Problem Description

You are given a random number generator function rand7() that returns a uniformly distributed random integer between 1 and 7 (inclusive). Your task is to implement a function rand10() that returns a uniformly distributed random integer between 1 and 10 (inclusive).

The key constraints are:

• You can only use rand7() to generate random numbers
• You cannot use any built-in random number generation functions
• The distribution must be uniform, meaning each number from 1 to 10 should have an equal probability of being returned

The solution uses a rejection sampling technique.
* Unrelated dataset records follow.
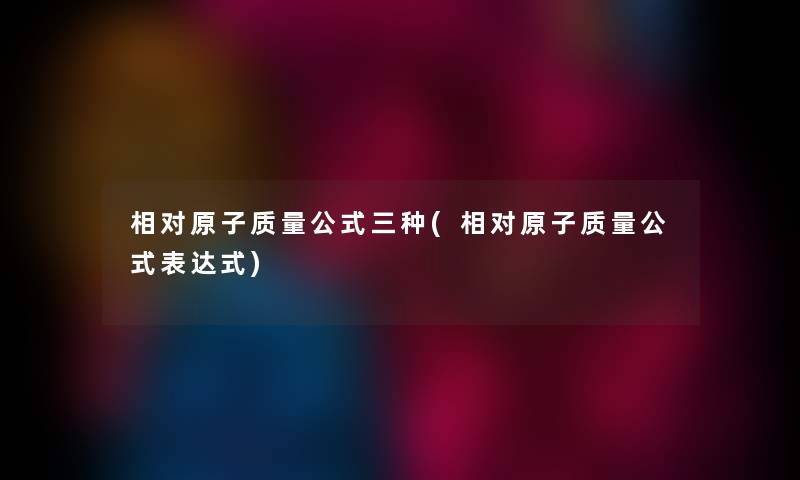 相对原子质量公式三种(相对原子质量公式表达式) 相对原子质量公式三种(相对原子质量公式表达式)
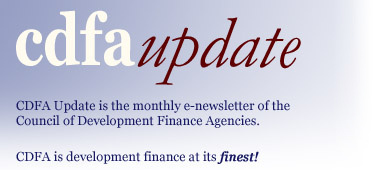 CDFA Update is the monthly e-newsletter of the Council of Development Finance Agencies.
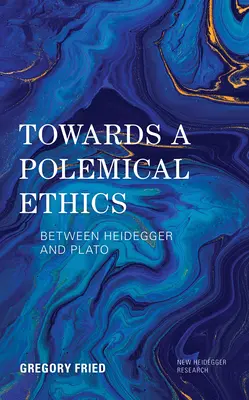 K polemickej etike: Medzi Heideggerom a Platónom - Towards a Polemical Ethics: Between Heidegger and Plato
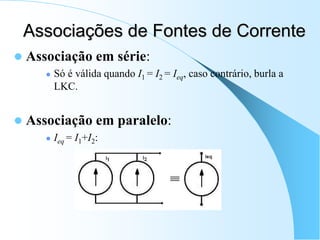 Associações de Fontes de Corrente
 Associação em série:
 Só é válida quando I1 = I2 = Ieq, caso contrário, burla a
LKC.
 Associação em paralelo:
 Ieq = I1+I2:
Here's how it works:

1. Call rand7() twice to generate two random numbers
2. The first call gives i = rand7() - 1, which produces values from 0 to 6
3. The second call gives j = rand7(), which produces values from 1 to 7
4. Combine these to create x = i * 7 + j, which generates values from 1 to 49 uniformly
5. Since we need 10 equally likely outcomes, we use only values from 1 to 40 (which is evenly divisible by 10)
6. If x > 40, reject this sample and try again
7. If x <= 40, return (x % 10) + 1 to map the 40 values uniformly to the range [1, 10]

The rejection sampling ensures that each number from 1 to 10 has exactly 4 chances out of 40 to be selected, maintaining uniform distribution. Values 41-49 are rejected to avoid bias.

Intuition

The fundamental challenge is that we need to generate 10 equally likely outcomes using a function that only produces 7 equally likely outcomes. Since 10 is not a factor of 7, we can't simply map the outputs directly.
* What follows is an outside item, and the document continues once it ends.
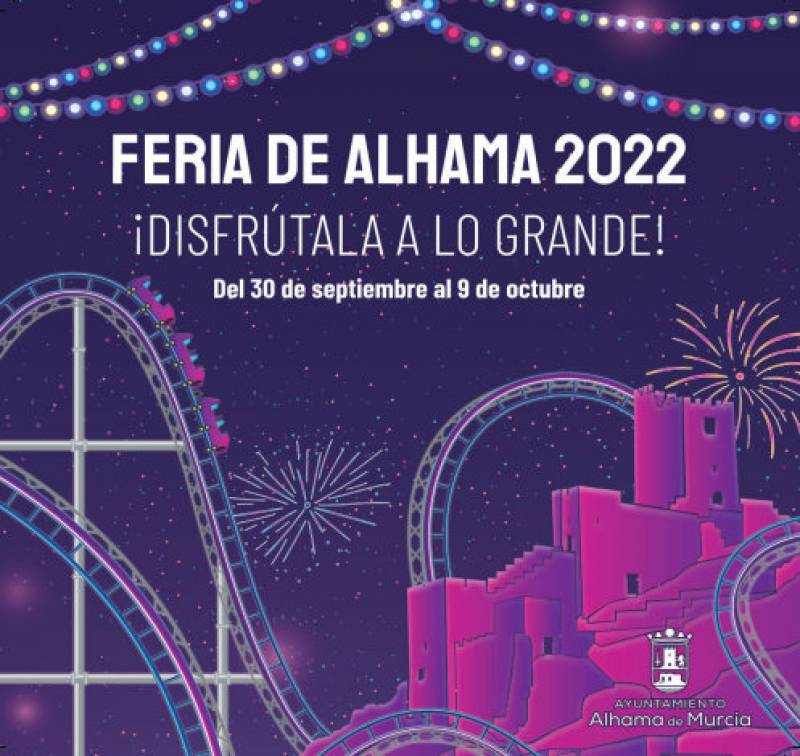 September 30 to October 9 Annual Feria de Alhama de Murcia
The key insight is to create a larger uniform sample space that we can evenly divide into 10 parts. If we call rand7() twice, we can think of it as creating a 7×7 grid of possibilities, giving us 49 equally likely outcomes. We can represent each outcome uniquely by treating the two calls as digits in base 7.

By computing (rand7() - 1) * 7 + rand7(), we generate numbers from 1 to 49 uniformly. The first rand7() - 1 gives us the "row" (0-6), and multiplying by 7 shifts us to the correct row. The second rand7() gives us the "column" (1-7) within that row.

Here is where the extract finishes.